6. Mr. R.K. Garg, learned counsel for the appellant wanted us to examine the scope and ambit of Article 193 and Mr. Gujaral learned counsel for the Union of India was equally keen on the other side to do the same thing. We steer clear of both. The appellant was a permanent UDC who has already retired on superannuation and must receive a measure of socio-economic justice. Keeping in view the facts of the case that the appellant was never hauled up for departmental enquiry, that he was prosecuted and has been ultimately acquitted, and on being acquitted he was reinstated and was paid full salary for the period commencing from his acquittal, and further that even for the period in question the concerned authority has not held that the suspension was wholly justified because three-fourth of the salary is ordered to be paid, we are of the opinion that the approach of the trial court was correct and unassailable. The learned trial Judge on appreciation of facts found that this is a case in which full amount of salary should have been paid to the appellant on his reinstatement for the entire period. We accept that as the correct approach. We according allow this appeal, set aside the judgment of first appellate court as well of the High Court and restore the on of trial court with this modification that the amount decreed shall be paid with 9 per cent interest p.a. from the date of suit till realisation with costs throughout.

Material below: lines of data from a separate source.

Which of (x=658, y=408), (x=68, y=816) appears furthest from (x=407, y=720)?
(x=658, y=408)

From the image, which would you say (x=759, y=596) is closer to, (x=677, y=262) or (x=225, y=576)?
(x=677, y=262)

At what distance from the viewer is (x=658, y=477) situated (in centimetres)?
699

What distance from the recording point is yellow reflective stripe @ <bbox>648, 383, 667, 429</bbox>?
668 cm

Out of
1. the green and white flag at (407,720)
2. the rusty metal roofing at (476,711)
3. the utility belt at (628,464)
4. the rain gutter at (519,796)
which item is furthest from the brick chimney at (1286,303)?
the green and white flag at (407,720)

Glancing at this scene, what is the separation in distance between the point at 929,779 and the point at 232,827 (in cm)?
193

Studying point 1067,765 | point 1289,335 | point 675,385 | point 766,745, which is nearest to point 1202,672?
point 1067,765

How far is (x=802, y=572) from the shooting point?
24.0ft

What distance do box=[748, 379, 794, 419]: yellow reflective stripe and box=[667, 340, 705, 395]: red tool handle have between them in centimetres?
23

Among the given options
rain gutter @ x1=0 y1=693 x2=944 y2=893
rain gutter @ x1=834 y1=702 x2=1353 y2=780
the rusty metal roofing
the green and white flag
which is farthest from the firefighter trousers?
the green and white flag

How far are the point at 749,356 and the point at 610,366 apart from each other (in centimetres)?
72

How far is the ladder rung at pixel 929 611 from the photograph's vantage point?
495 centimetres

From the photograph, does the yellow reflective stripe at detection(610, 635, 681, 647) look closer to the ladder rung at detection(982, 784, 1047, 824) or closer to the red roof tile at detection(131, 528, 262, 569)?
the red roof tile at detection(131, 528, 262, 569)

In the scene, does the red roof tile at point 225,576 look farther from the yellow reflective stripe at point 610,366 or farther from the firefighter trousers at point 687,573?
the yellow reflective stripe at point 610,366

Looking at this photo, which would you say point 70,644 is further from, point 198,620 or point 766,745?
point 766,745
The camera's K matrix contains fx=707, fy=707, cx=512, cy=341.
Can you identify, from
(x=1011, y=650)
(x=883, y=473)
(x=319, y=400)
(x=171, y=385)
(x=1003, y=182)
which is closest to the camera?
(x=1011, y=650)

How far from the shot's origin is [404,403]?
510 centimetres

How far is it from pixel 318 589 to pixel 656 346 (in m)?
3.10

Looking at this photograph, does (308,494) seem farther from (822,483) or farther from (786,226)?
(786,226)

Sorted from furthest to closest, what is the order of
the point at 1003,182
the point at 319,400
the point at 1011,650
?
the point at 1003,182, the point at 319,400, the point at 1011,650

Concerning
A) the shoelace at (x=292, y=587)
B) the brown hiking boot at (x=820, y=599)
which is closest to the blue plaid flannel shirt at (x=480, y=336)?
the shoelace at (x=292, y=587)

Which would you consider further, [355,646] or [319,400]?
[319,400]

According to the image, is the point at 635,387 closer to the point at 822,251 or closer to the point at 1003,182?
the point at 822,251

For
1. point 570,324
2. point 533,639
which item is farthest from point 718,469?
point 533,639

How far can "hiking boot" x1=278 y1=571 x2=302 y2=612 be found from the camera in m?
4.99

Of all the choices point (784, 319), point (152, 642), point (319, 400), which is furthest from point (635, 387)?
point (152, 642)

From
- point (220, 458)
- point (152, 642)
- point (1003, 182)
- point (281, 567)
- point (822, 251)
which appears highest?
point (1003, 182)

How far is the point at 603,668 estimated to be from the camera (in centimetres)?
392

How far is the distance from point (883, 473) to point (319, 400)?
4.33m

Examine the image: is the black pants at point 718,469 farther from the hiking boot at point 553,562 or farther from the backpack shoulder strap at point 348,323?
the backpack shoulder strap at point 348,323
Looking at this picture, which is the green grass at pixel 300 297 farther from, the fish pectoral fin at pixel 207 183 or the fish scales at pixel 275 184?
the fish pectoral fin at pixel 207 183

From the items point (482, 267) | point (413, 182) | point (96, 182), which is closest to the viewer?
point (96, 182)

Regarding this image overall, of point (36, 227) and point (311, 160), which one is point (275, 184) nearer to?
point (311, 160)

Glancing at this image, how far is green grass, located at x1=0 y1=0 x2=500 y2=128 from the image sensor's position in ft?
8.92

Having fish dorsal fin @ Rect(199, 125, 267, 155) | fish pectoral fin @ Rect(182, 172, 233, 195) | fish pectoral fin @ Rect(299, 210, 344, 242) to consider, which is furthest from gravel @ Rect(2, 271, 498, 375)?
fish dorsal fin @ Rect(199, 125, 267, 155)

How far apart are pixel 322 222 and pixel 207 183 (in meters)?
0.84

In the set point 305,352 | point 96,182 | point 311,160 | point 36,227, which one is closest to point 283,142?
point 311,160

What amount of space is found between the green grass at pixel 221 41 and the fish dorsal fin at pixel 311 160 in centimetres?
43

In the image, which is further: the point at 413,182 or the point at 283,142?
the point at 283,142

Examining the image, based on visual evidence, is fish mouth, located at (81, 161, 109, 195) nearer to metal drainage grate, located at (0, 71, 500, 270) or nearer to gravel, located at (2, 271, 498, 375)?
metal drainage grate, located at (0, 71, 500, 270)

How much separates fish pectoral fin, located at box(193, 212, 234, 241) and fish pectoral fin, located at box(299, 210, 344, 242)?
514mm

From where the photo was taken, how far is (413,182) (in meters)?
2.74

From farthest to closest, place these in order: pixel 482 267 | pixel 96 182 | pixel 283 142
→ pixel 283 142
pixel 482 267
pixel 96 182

7. On a careful reading of the Brahma Judgment it will be evident that it did not concern the payment of wages/salary for the period between the termination of the services of an employee on the grounds of his conviction, and his reinstatement consequent upon his acquittal. In the present case the Petitioner was incarcerated under Section 498-A of the IPC and it can be nobody's case that the Bank had instigated this prosecution. In terminating the services of the Petitioner the Bank was only complying with the statutory provisions which mandated the termination of the Petitioner's services. On hearing of the Petitioner's acquittal, the Respondent Bank has been quick to reinstate the Petitioner. It has, therefore, not played any role in the Petitioner's abstention from work or cessation from duty. Why then should the Bank be fastened with the liability to pay salary to the Petitioner. Should the Employer also be burdened with payment of compensation of the wife's malicious prosecution? The answer can only be emphatically in the negative. In Brahma's case (supra) the Hon'ble Supreme Court merely clarified that full wages should be paid even in respect of the period in which the Petitioner remained on suspension. The Court was neither called upon nor entered to go any further. Let us assume that the Bank had decided to suspend the Petitioner on learning of the lodging of the FIR against him. The opinion in Brahma's case would then come into operation and it would be soundly arguable that if the Bank was not bound to suspend the Petitioner and yet it did so, it should pay his wages for the period of suspension. Viewed in this manner all the Judgments of the Hon'ble Supreme Court can be reconciled.

8. The Petitioner's claim for payment of wages for the period commencing with the termination of his services consequent upon his conviction, and his reinstatement pursuant to his acquittal, cannot be sustained in law.

9. The Petition is without merit and is dismissed.